Data to examine:
>>>>
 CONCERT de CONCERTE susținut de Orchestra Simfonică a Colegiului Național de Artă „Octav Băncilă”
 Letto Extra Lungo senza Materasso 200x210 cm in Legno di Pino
<<<<
>>>>
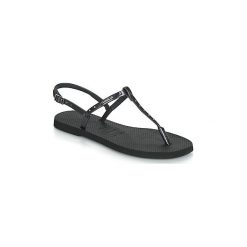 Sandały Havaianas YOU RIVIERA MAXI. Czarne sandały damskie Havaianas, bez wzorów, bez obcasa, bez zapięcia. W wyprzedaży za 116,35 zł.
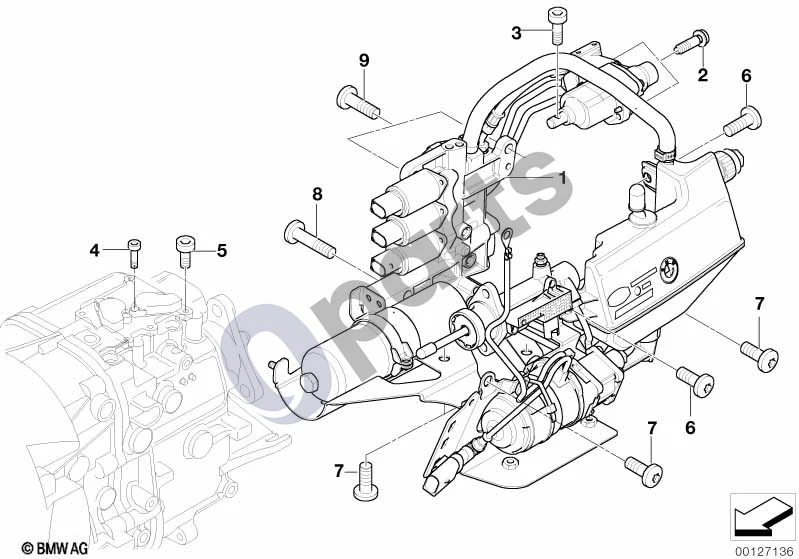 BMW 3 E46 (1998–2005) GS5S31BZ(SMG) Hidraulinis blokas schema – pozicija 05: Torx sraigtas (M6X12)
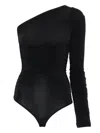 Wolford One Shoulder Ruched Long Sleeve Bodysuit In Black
<<<<
>>>>
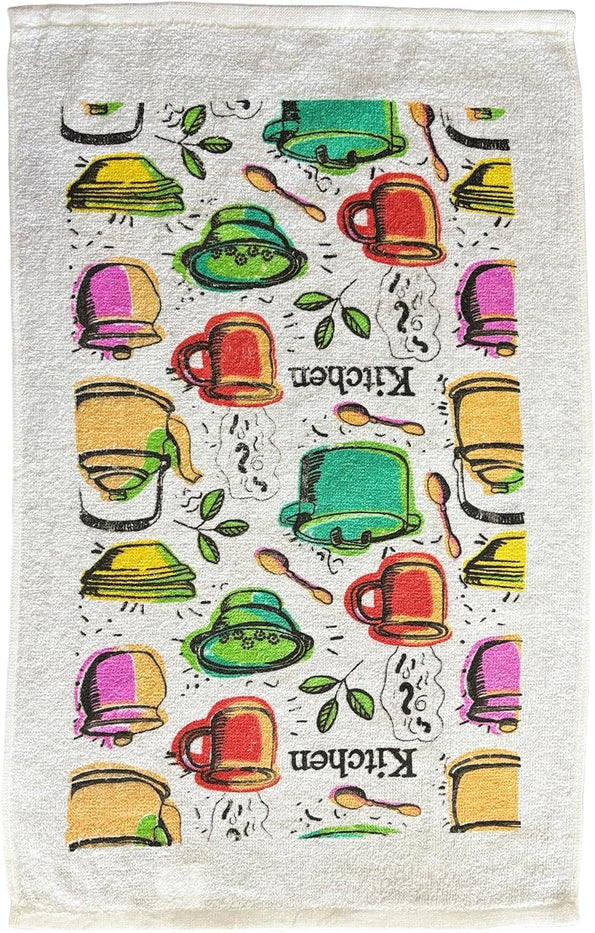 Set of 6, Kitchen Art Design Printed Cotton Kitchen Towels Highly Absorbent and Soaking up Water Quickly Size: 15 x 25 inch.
<<<<
Work order:
Although pictures appear among the entries, please set down only the lines from the one with "Sandały Havaianas YOU" up to and including the one with "Wolford One Shoulder", word for word.

Solution:
 Sandały Havaianas YOU RIVIERA MAXI. Czarne sandały damskie Havaianas, bez wzorów, bez obcasa, bez zapięcia. W wyprzedaży za 116,35 zł.
 BMW 3 E46 (1998–2005) GS5S31BZ(SMG) Hidraulinis blokas schema – pozicija 05: Torx sraigtas (M6X12)
 Wolford One Shoulder Ruched Long Sleeve Bodysuit In Black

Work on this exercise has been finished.